All that is needed is the lines from the one containing "Stainless Steel Ice" through the end of the listing, printed exactly, with no pictures among them.

-------

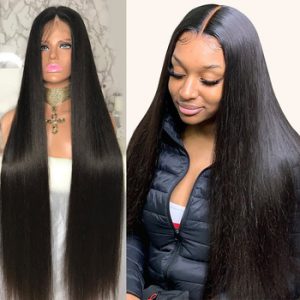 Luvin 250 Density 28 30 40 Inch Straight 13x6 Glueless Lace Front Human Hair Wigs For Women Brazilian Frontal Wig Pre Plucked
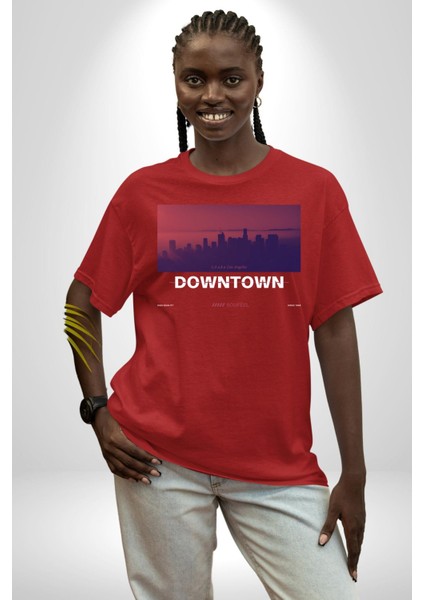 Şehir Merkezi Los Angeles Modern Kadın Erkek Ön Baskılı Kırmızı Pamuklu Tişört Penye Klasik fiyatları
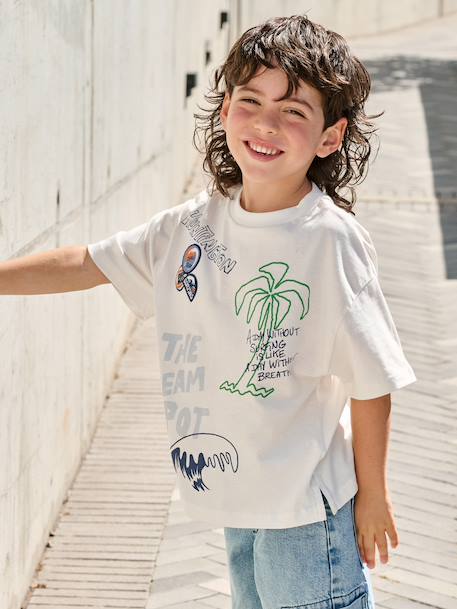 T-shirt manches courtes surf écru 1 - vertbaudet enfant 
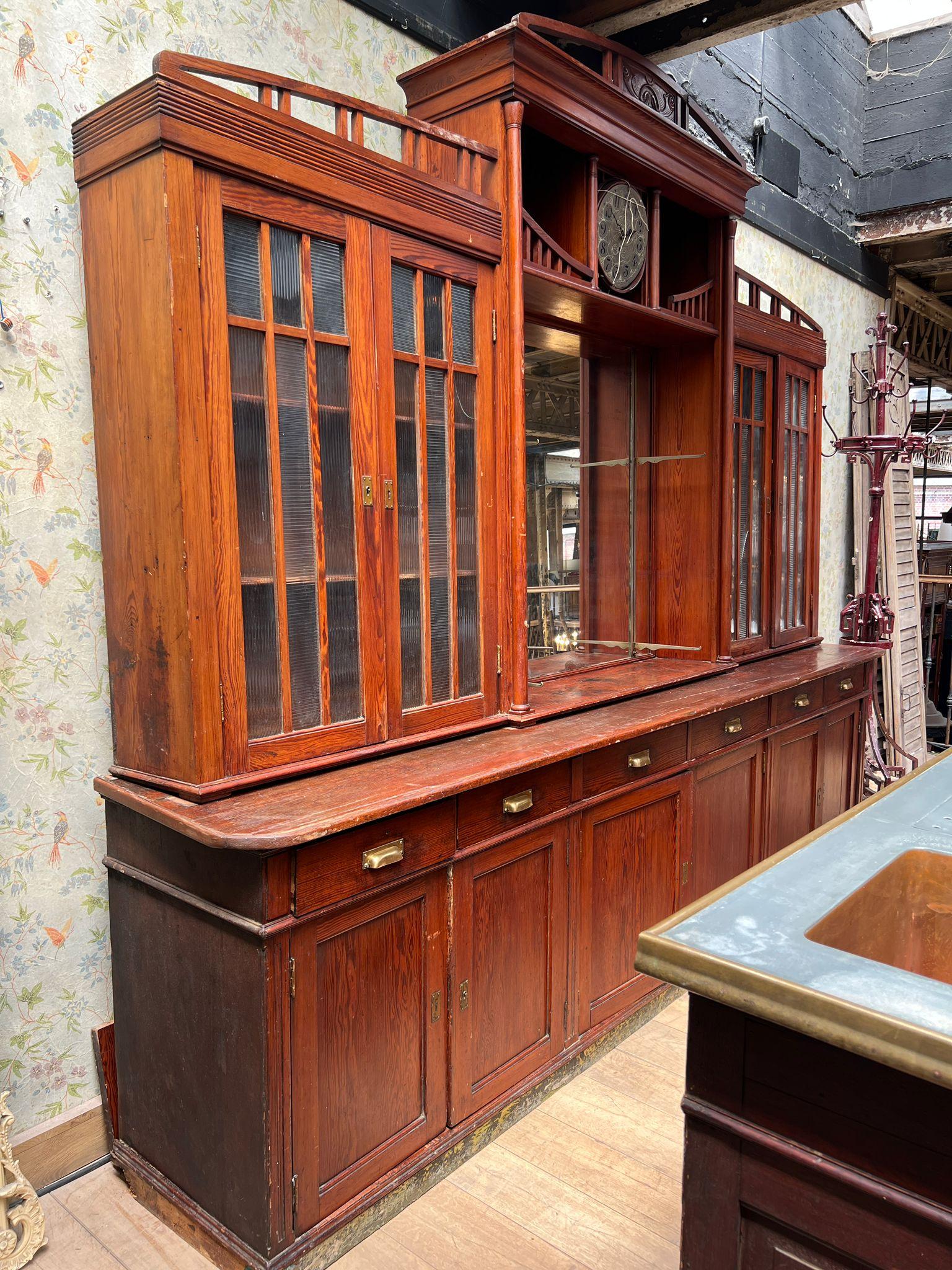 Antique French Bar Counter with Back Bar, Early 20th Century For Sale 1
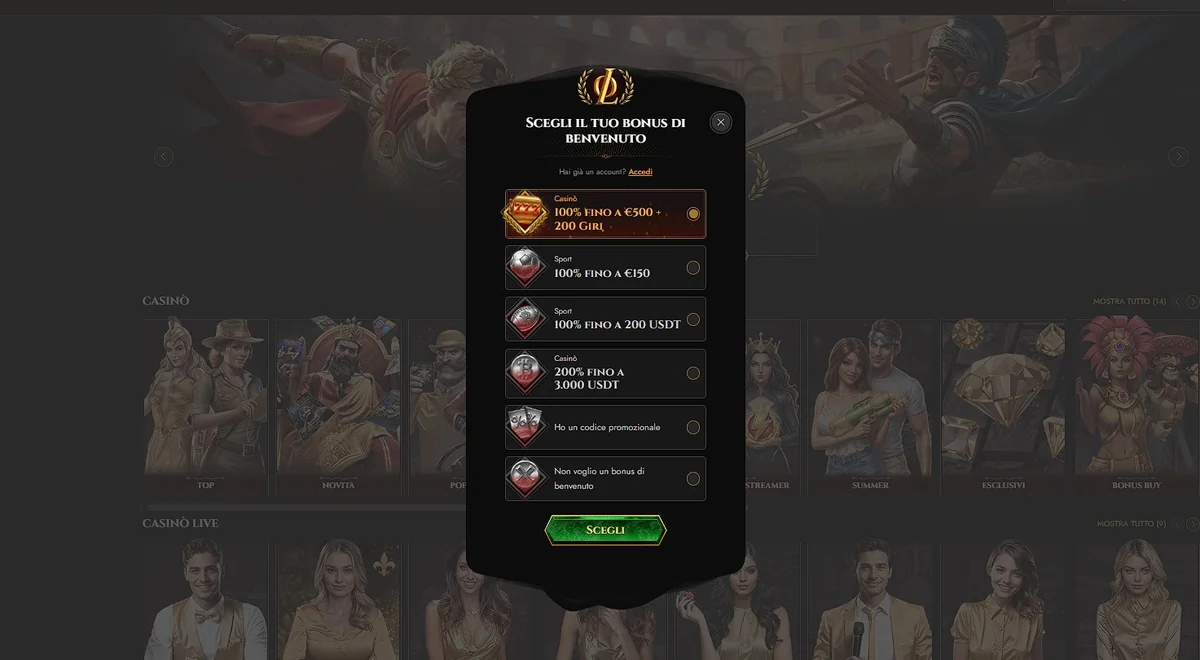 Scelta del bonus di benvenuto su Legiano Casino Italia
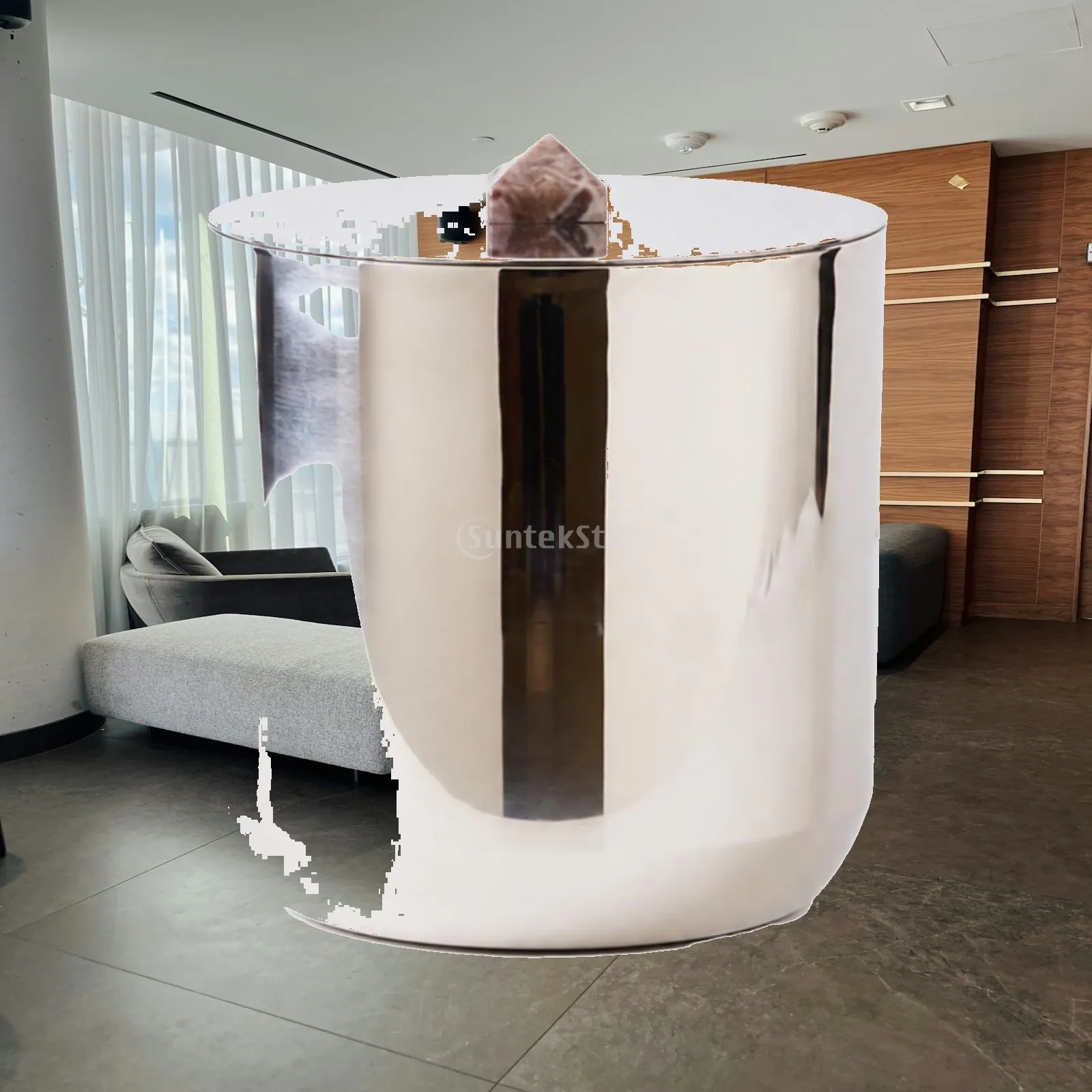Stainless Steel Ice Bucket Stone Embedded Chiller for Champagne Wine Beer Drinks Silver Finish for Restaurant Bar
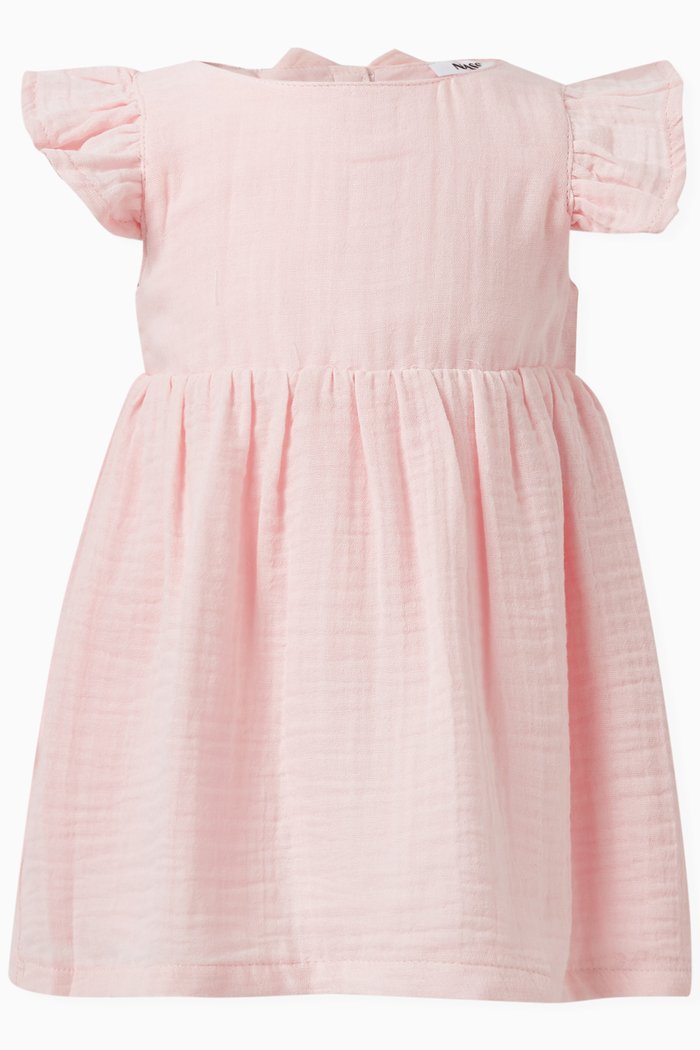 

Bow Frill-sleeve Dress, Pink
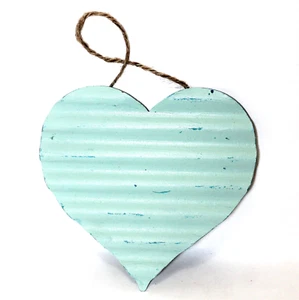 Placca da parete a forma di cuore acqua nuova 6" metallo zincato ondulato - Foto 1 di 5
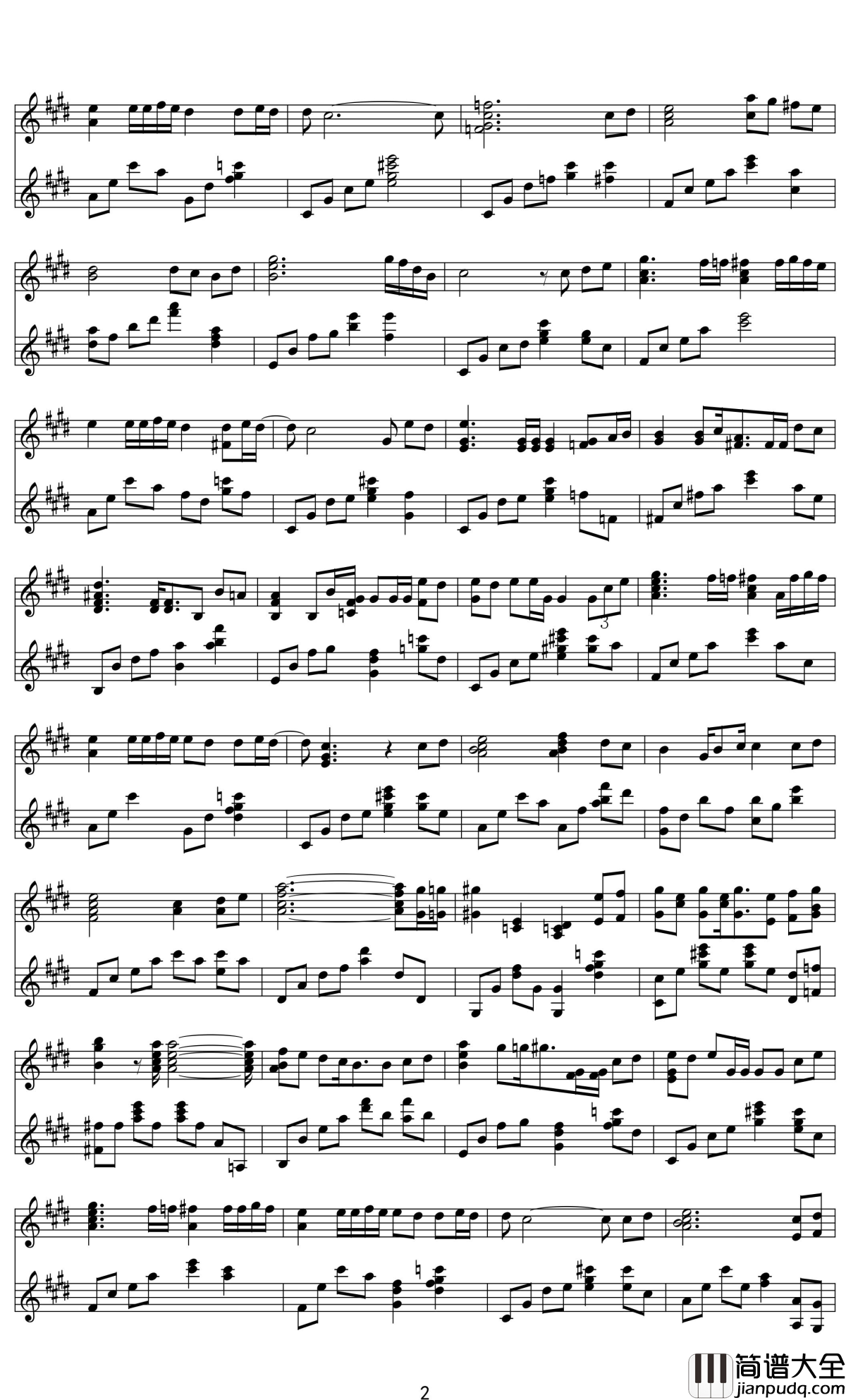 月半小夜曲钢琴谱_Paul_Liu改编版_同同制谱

-------

**Answer below:**
Stainless Steel Ice Bucket Stone Embedded Chiller for Champagne Wine Beer Drinks Silver Finish for Restaurant Bar

Bow Frill-sleeve Dress, Pink
 Placca da parete a forma di cuore acqua nuova 6" metallo zincato ondulato - Foto 1 di 5
 月半小夜曲钢琴谱_Paul_Liu改编版_同同制谱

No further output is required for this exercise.